On page 193 of Hatcher at the bottom. He says
$$0 \to B_{n-1} \to Z_{n-1} \to H_{n-1}(C) \to 0 (vi)$$
Note that the group $Coker(i_{n-1}^*)$ that we are interested in is $H^1(F;G)$ where $F$ is the free resolution in (vi). Part (b) of the following lemma therefore shows that $Coker i∗_{n−1}$ depends only on $H_{n−1}(C)$ and $G$.
Which two resolution is he using to derive this result?
Is it $(iv)$ and $(v)$?? Very confused.
How does he pass through $H^n(C;G)$?
Math: the claim is that if we change the chain complex $C$ and pick a totally different complex C', requiring only that it have the same homology in the $n-1$ spot, then the complex $\text{Hom}(C, G)$ and the complex $\text{Hom}(C', G)$ would still have the same $\text{cok}(\iota^*_{n-1})$ (up to canonical isomorphism). The claim is attained by taking the sequence (vi) and the analogous sequence (vi') for $C'$ and applying part two of the lemma.

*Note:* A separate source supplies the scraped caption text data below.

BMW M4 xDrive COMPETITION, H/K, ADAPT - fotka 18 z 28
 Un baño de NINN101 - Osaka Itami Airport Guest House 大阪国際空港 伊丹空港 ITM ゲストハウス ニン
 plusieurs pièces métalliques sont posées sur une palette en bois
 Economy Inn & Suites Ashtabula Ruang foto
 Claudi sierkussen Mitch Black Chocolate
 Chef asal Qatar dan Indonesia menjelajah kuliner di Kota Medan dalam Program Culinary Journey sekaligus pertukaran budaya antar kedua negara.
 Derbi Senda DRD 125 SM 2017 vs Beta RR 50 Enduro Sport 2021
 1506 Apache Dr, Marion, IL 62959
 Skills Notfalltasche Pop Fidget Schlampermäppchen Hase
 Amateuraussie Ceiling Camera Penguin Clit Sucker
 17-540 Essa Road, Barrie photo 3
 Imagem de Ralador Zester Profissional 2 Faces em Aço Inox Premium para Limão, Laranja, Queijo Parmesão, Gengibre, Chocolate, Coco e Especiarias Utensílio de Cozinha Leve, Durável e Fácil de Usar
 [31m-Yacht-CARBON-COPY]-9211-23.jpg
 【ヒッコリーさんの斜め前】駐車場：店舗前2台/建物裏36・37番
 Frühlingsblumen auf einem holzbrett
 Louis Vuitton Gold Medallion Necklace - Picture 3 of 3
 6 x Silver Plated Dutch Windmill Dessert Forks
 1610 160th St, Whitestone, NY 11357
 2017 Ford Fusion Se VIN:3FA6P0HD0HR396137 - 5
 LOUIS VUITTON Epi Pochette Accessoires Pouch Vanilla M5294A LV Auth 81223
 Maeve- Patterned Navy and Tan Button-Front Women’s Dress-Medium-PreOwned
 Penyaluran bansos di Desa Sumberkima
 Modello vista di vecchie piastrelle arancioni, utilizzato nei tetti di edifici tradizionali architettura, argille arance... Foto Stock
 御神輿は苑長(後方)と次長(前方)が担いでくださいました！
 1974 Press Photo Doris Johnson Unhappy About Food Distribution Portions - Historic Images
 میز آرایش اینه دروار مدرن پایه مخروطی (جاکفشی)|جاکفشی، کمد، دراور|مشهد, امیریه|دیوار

Philosophy: if this is too much arrow-ception you might try skipping these two pages and just reading the statement of the universal coefficient theorem and doing a couple exercises, then coming back to it. It's one of those theorems that you kind of have to prove for yourself instead of following someone else's proof because it's 8 million steps in a row, any individual one of which isn't too bad, but all of which together are confusing the first 7 to 12 times.